Bloody Line of Work
There’s a natural stigma around a skating rink that everyone has fun, even those that can’t skate or end up hurt for one reason or another. This stigma is mostly true.
There is also another stigma surrounding management to such establishments, that said people managing the building can be evil, vile individuals who prioritize money and self-interest far before any and all else. This stigma was 100 percent true. I worked a skating rink, and the night I quit was one of the worst nights of my life.
I wouldn’t work at a skating rink if I didn’t have to. Skating rinks are meant to be enjoyed and loved and I wanted those feelings kept intact. Management was going to be a slight issue, and I knew that early on when the general manager of the rink I had applied to told me that he hired me because I was ‘prettier‘ than the other girl trying for a position. I know much about red flags and inappropriate gestures, but the pay was good and so I continued.
Two weeks went by and my happy feelings of such a uniquely interesting place died down to a grave. Without warning I became the sole employee dedicated to clean up after others, this included trash out by the benches but also in the bathrooms as well.
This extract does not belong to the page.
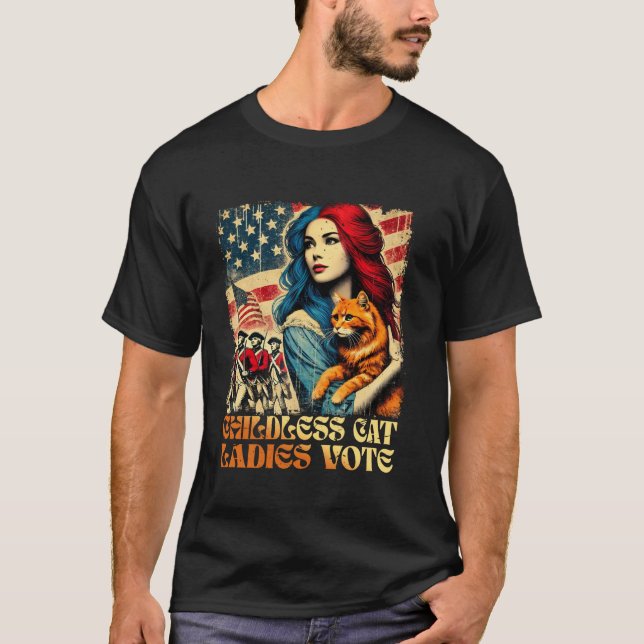 Cat Ladies Vote Kamala For 2024 President Kamala H T-Shirt (Front)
The music stopped alluring me, the practice of skating only reminded me of my labor and nothing more, and the manager that hired me almost always failed to show up and help out.
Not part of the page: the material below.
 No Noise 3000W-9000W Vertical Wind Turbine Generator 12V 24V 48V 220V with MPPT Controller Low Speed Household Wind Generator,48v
However, he was there the night I quit.
That night, February 3rd, I go to clock in and as I’m doing so, he, Scott, comes over to me and tells me that ‘someone’ has either stolen or done something to the First Aid Kit and that he can’t find it. Knowing that we have two complete First Aid Kits on the premises at all times, I go to the drawer I know that we keep the second. It is also gone. I had been out of work for a week due to vacation with my family and had no idea where it could be. Scott and I called other employees trying to make sure we had something readily available for guests, but nothing. No one had any idea where they could of gone, nor who would even move them around.
We looked all over, no kits. I panicked. We needed those kits to open, not just because it was most probably the law but because people fall and get hurt all the time out on the rink and need some form of assistance that First Aid Kits could offer. As I kept searching, Scott said:
“Forget it, it’s about time to open. I’ll look later or I can find someone that has one and have them bring it down for us.”
I believed him and began readying the register. The people came in quick that day.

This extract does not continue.